# The FBH are looking for Bona fied Reptile Rescue Centers.



## Khanidge (Jul 25, 2008)

Hello all,
I have been given the task of tracking down Bona fied Reptile Rescue centers.
There are many good, reputable rescues through out the country, and we would like to arrange conference with you. 
We believe we can assist you greatly in the admirable work that you do. 

Please could you contact me via Pm 

Also If any one can recommend a reptile rescue facility please forward the details to me. 

Kindest regards Deano Sub committee member of the FBH..........................


----------



## Spikebrit (Oct 23, 2006)

We work with a local one through our society, they don't use RFUK is there contact details etc i can pass on?? though i will also send them this link

Jay


----------



## Khanidge (Jul 25, 2008)

If you could pm their contact details that would be awesome, 

Kindest regards Deano....


----------



## Janine00 (Sep 20, 2008)

There is one based at Cotwall End Nature Reserve in Sedgley. Proteus I believe... will see if I can find contact details and send them on to you... J


----------



## Khanidge (Jul 25, 2008)

Janine00 said:


> There is one based at Cotwall End Nature Reserve in Sedgley. Proteus I believe... will see if I can find contact details and send them on to you... J


Thank you very much Janine :2thumb:


----------



## jlmp (Aug 29, 2011)

Hi

Just sent PM with contact details and info for Essjay Reptile Rescue in Northern Ireland.


----------



## 170pand (Dec 22, 2008)

U have pm deano cheers mate


----------



## Fionab (Mar 28, 2010)

the only one in scotland that is a registered charity....

Scottish Exotic & Reptile Rescue


----------



## mstypical (Feb 16, 2011)

Are you going to inspect them before affiliating yourself with them? There are a lot of people calling themselves 'rescues' I believe to obtain free collections of reptiles. One I would recommend is Reptile Rescue Den in Bolton, registered charity, and clear rehoming policies :no1:


----------



## Khanidge (Jul 25, 2008)

mstypical said:


> Are you going to inspect them before affiliating yourself with them? There are a lot of people calling themselves 'rescues' I believe to obtain free collections of reptiles. One I would recommend is Reptile Rescue Den in Bolton, registered charity, and clear rehoming policies :no1:


 We have a system in place to sort out the good from the bad.
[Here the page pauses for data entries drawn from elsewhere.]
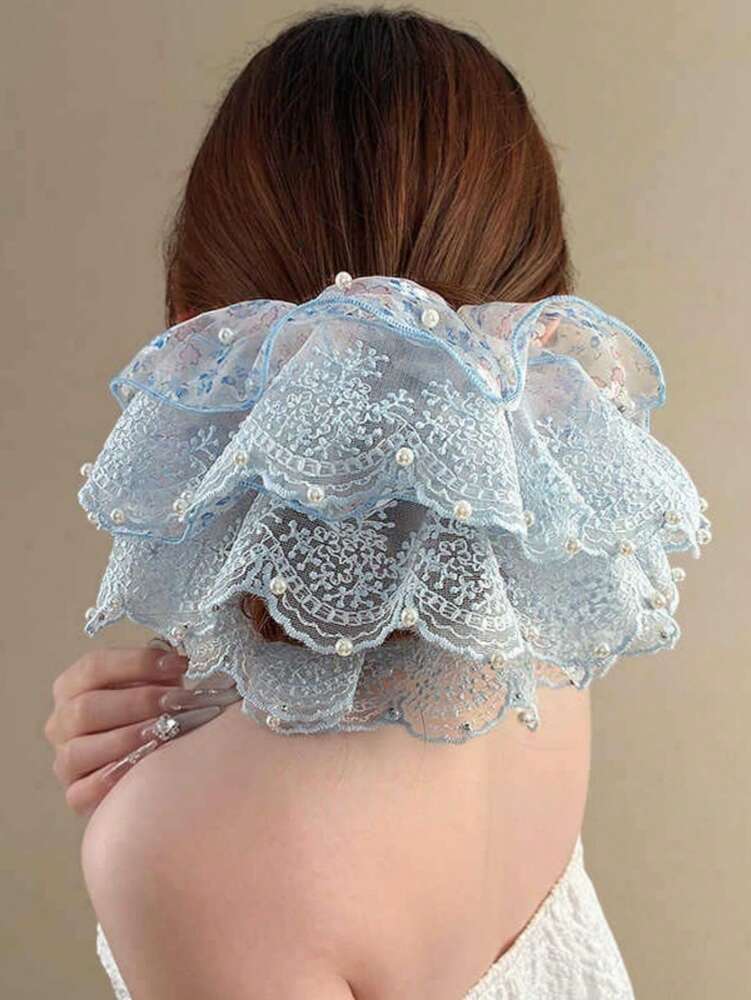 Retro Ditsy Floral Lace Scrunchie, Faux Pearl Decor Hair Tie For Women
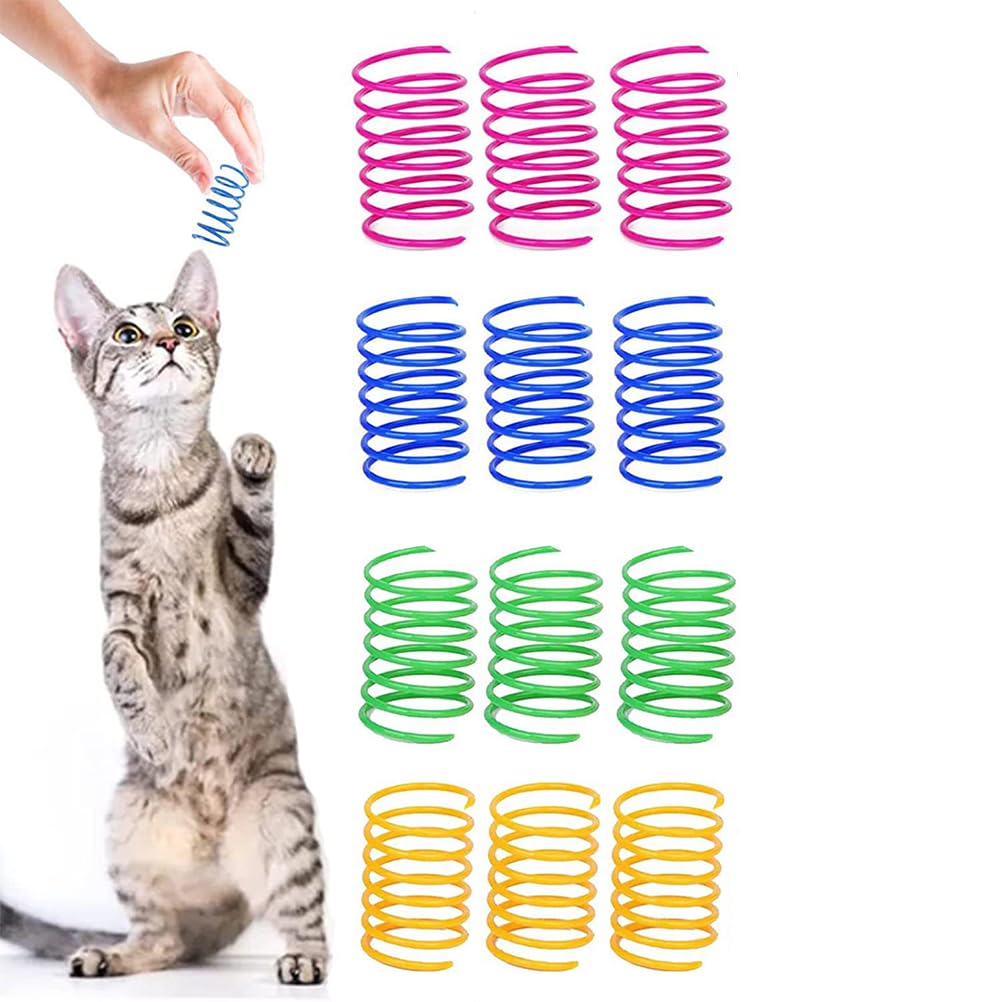 LJFEA Juguete Interactivo para Gatos: Muelle en Espiral 12 Piezas, Ideal para Matar el Tiempo y Mantenerse en Forma. Duradero y Resistente de Plástico. ¡Diviértete Jugando con tu Mascota!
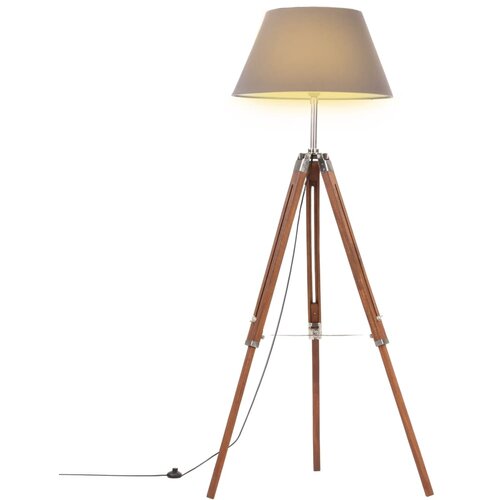  Podna svjetiljka s trono&amp;scaron;cem medeno-siva od tikovine 141 cm Slike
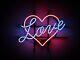 17x14 Real Neon Light Sign Vintage Love 24 Hours Heart Lighting Art Valentines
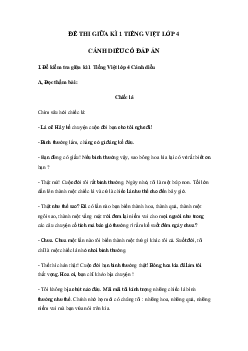 Đề ôn thi giữa kì 1 Tiếng Việt lớp 4 Cánh diều - Đề số 2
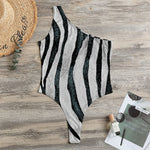 White Tiger Stripe Pattern Print One Shoulder Bodysuit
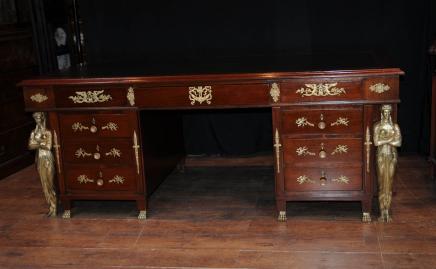 Antique French Empire Pedestal Desk Writing Table Bureau 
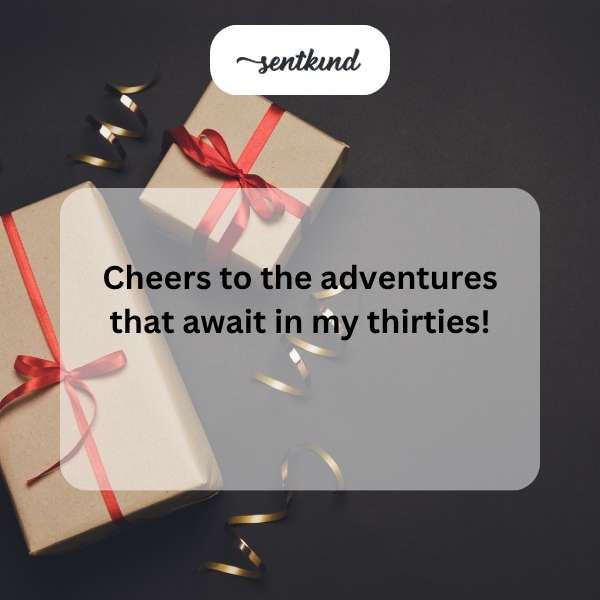 Celebratory text for a thirtieth birthday post on Instagram.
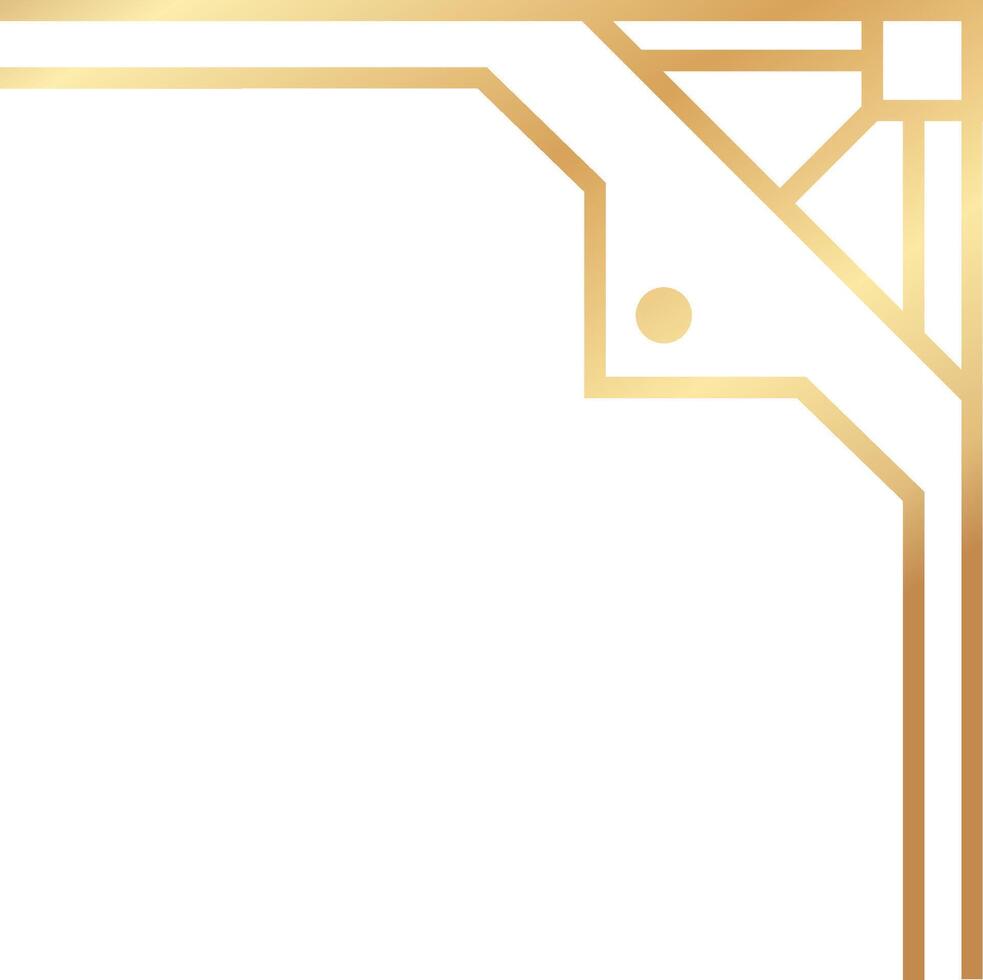 Elegant golden frame featuring art deco style, enhancing a pristine white background, ideal for invitations, posters, or sophisticated decorations in any setting vector
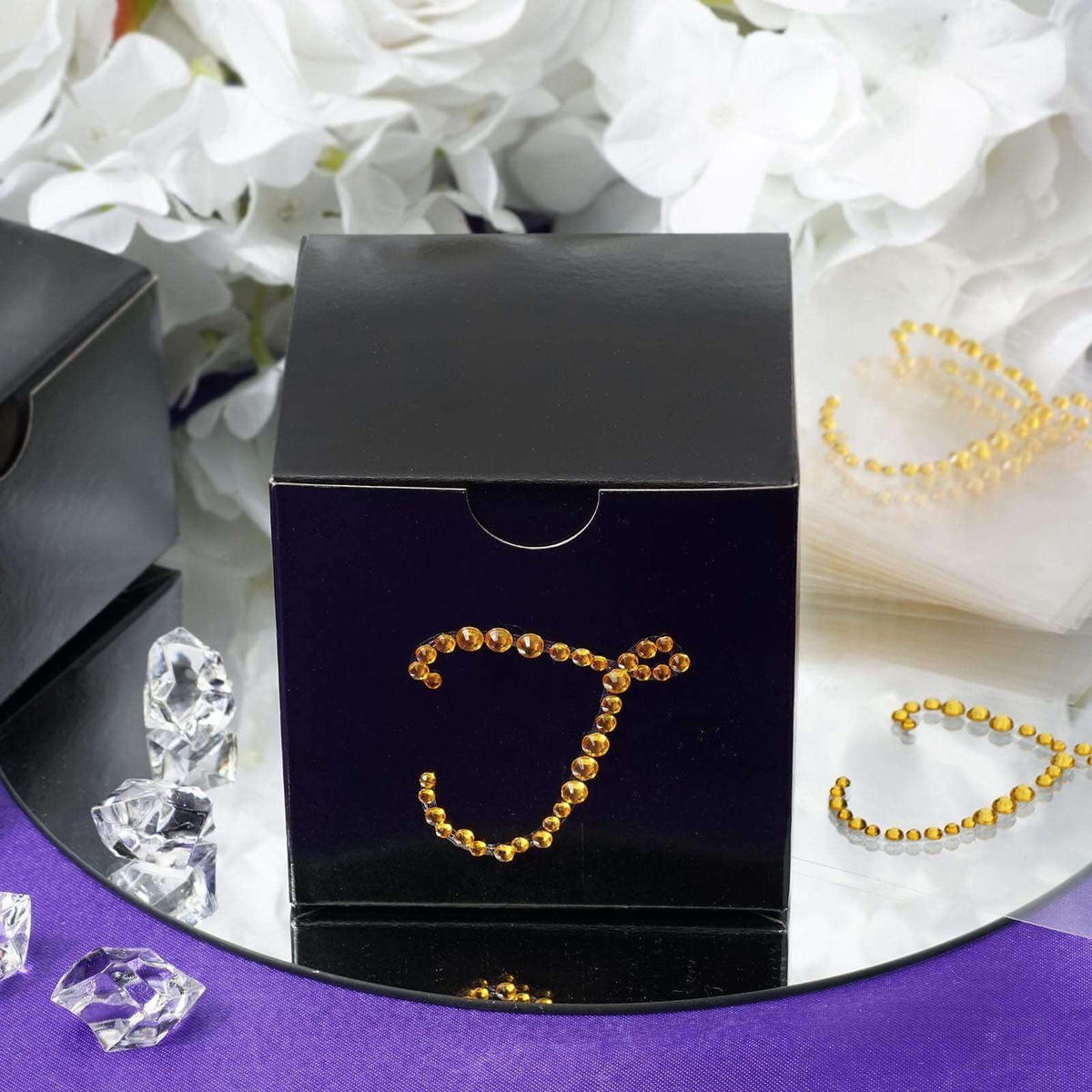 12 Pack Gold Rhinestone Monogram Letter "T" Jewel Sticker Self Adhesive DIY Diamond Decor 1.5"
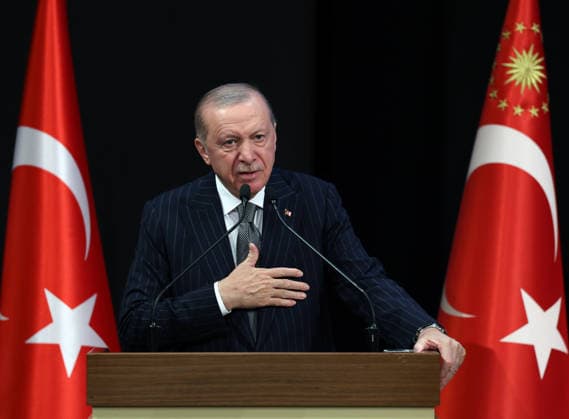 Turkish President Recep Tayyip Erdogan ANKARA, TURKIYE - JUNE 25: (----EDITORIAL USE ONLY - MANDATORY CREDIT - TURKISH PRESIDENCY MUSTAFA KAMACI HANDOUT - NO MARKETING NO ADVERTISING CAMPAIGNS - DISTRIBUTED AS A SERVICE TO CLIENTS----) Turkish President Recep Tayyip Erdogan makes a speech as he attends a meeting with Provincial Heads at AK Party Congress Center in Ankara, Turkiye on June 25, 2025. TUR Presidency Mustafa Kamaci Anadolu Ankara Turkey. Editorial use only. Please get in touch for any other usage.  Copyright: x2026xAnadoluxTURxPresidencyx xMustafaxKamacix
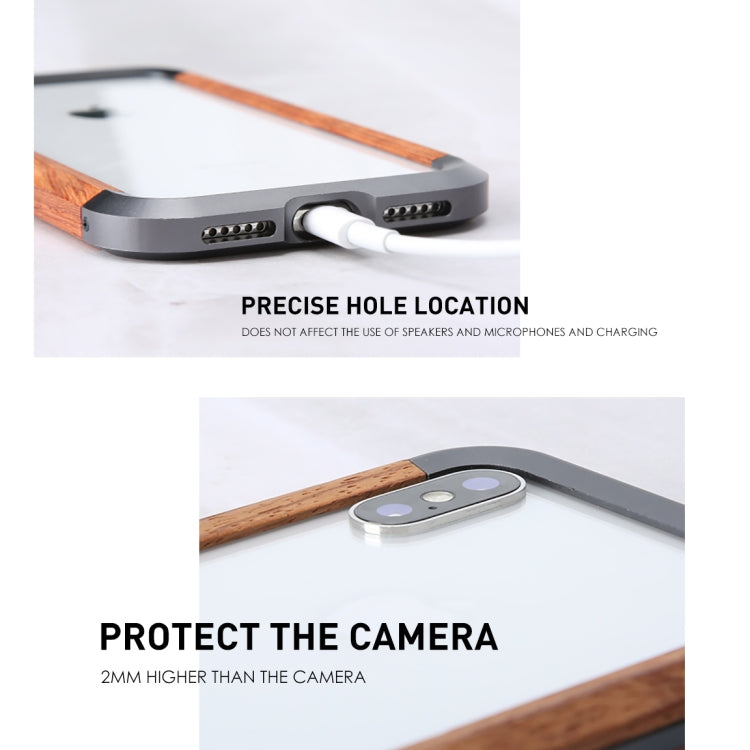 For iPhone XS Max R-JUST Metal + Wood Frame Protective Case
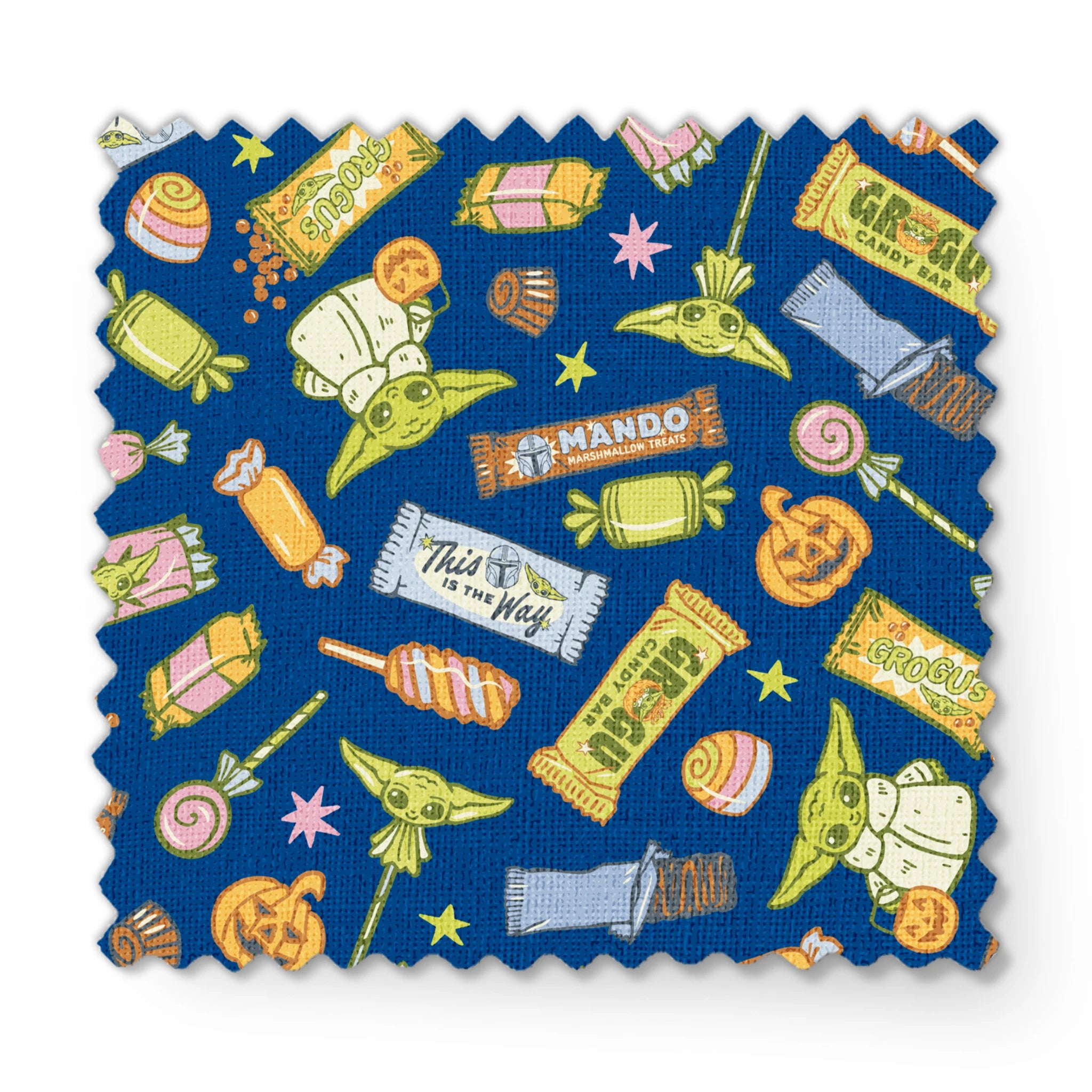 Colorful candy pattern with wrapped sweets, lollipops, and treats on dark blue background fabric swatch mockup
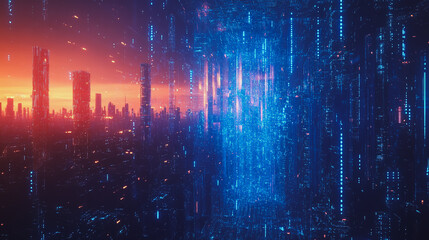 Obraz premium Smart digital Innovation city with connection network reciprocity over the cityscape. of future smart wireless digital city and social media networking systems that connects people with in city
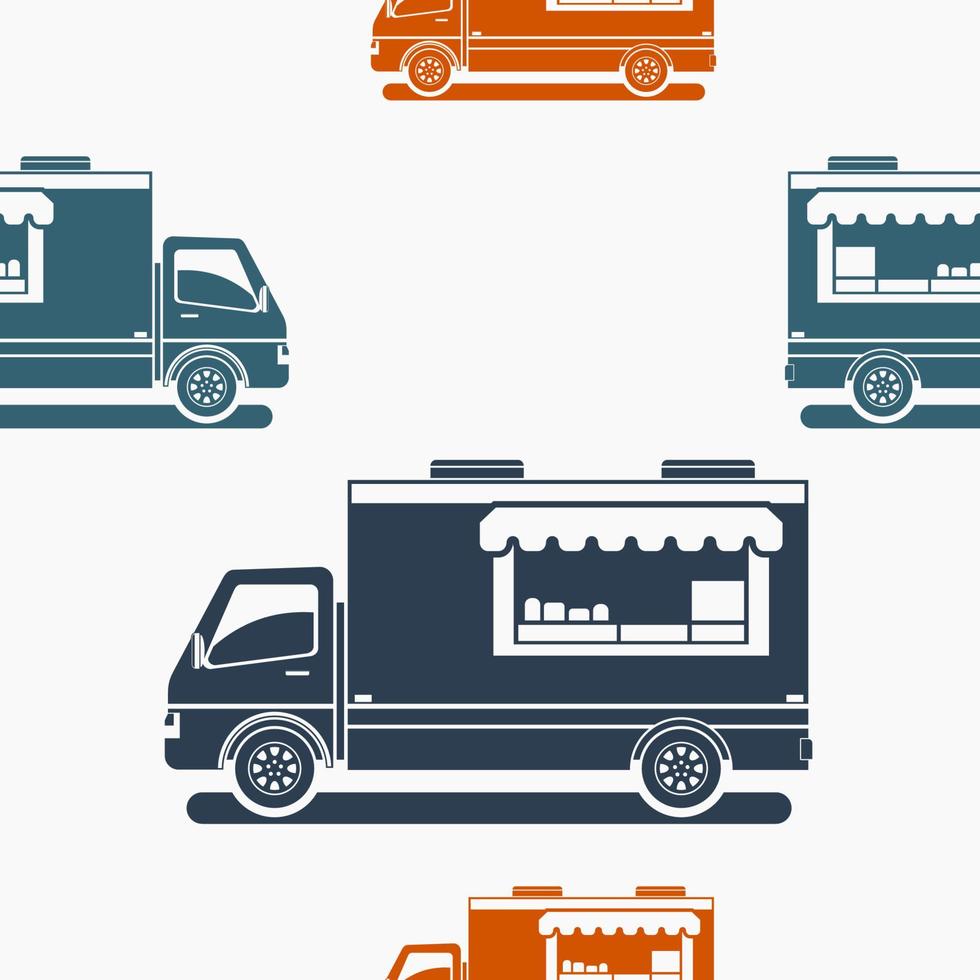 Editable Flat Monochrome Style Mobile Food Truck Vector Illustration in Various Colors as Seamless Pattern for Creating Background of Vehicle or Food and Drink Business Related Design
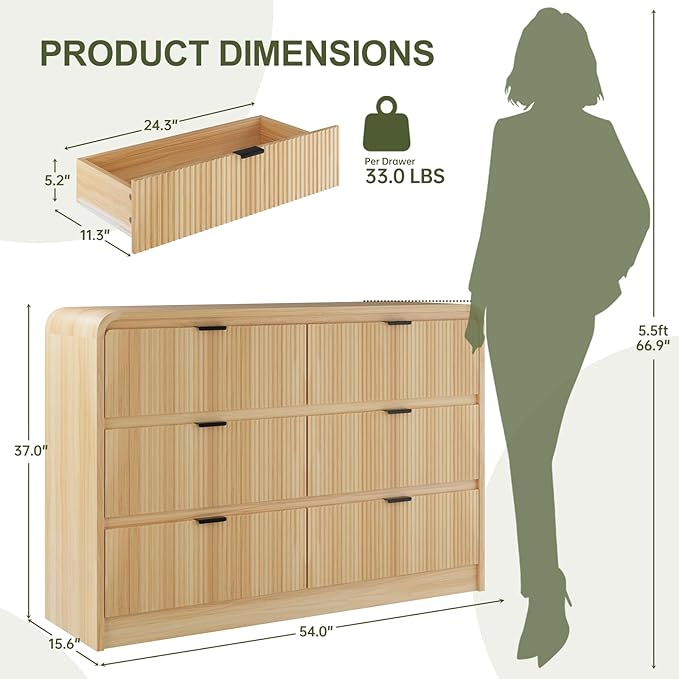 FURSUN Fluted 6 Drawers Dresser for Bedroom, 54" Wide Wooden Dresser with Metal Handle, Curved Profile Design, Modern Storage Organizer for Bedroom, Living Room, Hallway, Natural Oak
It just takes a fair bit of time going through our process. Although I have some REALLY Good helpers :notworthy: it is speeding up now :no1:
I have heard good things about Reptile Rescue Den. They are already on the to do list : victory:


----------



## Khanidge (Jul 25, 2008)

Fionab said:


> the only one in scotland that is a registered charity....
> 
> Scottish Exotic & Reptile Rescue


 Thank you very much Fiona, I will add them to the growing list :2thumb:


----------



## mstypical (Feb 16, 2011)

Khanidge said:


> We have a system in place to sort out the good from the bad. It just takes a fair bit of time going through our process. Although I have some REALLY Good helpers :notworthy: it is speeding up now :no1:
> I have heard good things about Reptile Rescue Den. They are already on the to do list : victory:


Excellent. If these helpers are volunteers i'd give my time for the FBH or IHS if I can do anything from home.


----------



## SporAkaJohn (May 1, 2012)

I'd love to convert our spare bedroom into a lizard/phib rescue room. But don't have cash to setup and other half won't let me have the room  
:lol2:


----------



## kimbo2012 (Jul 11, 2012)

*rescue centre*

i have started my own reptile rescue centre from home i am willin to takeany unwanted reptiles in the hull and surrounding areas many thanx kim


----------



## pricer (Aug 3, 2011)

You have pm


----------



## Elmodfz (Jan 18, 2008)

This is the facebook link to South East Exotic Pet Rescue.
Log in | Facebook

I've let them know about the thread so you might get a PM.


----------



## pricer (Aug 3, 2011)

Elmodfz said:


> This is the facebook link to South East Exotic Pet Rescue.
> Log in | Facebook
> 
> I've let them know about the thread so you might get a PM.


See the above comment, we are one step I front of you


----------



## alecwood (Apr 3, 2012)

There's one in Hartlepool, NE England. It's been around for quite a while and it's in the "becoming a registered charity" process at the moment. Huge rise in demand means it needs to expand beyond its current one-man-and-his-spare-room type setup

Facebook page here 
https://www.facebook.com/pages/North-East-Reptile-Rescue/252866351412712


----------



## Moshpitviper (Oct 21, 2005)

Home - Luton Reptile and Exotic Animal rescue service :no1:


----------